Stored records
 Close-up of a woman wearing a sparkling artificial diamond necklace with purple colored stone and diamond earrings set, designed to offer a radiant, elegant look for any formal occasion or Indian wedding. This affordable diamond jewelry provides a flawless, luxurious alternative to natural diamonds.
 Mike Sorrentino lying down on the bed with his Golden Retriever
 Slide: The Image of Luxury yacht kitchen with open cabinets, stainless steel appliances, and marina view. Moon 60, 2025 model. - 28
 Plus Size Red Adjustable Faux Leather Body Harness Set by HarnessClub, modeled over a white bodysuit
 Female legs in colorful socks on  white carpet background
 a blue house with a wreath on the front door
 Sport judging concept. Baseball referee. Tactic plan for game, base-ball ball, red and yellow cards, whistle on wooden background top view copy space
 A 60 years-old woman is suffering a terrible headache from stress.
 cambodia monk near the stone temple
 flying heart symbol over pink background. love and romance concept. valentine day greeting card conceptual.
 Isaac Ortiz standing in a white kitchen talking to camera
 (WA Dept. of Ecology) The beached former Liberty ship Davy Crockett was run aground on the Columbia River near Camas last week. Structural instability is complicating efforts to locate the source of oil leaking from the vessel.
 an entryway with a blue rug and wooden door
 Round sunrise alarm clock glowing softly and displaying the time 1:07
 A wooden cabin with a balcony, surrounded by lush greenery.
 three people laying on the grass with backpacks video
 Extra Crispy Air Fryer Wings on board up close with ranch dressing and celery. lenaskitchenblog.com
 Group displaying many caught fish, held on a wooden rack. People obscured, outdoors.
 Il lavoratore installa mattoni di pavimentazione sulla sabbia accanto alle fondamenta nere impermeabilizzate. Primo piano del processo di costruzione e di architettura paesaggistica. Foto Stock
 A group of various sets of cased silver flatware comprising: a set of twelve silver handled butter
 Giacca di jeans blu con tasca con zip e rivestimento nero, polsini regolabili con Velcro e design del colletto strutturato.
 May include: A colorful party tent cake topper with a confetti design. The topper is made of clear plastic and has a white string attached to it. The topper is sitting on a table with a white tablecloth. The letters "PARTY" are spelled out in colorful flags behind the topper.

» YOUR TASK
Reply with the lines from the first line of the entries through the line that contains "Mike Sorrentino lying", repeated exactly with both ends kept, and with nothing else.

» SOLUTION FOR THIS PROBLEM
 Close-up of a woman wearing a sparkling artificial diamond necklace with purple colored stone and diamond earrings set, designed to offer a radiant, elegant look for any formal occasion or Indian wedding. This affordable diamond jewelry provides a flawless, luxurious alternative to natural diamonds.
 Mike Sorrentino lying down on the bed with his Golden Retriever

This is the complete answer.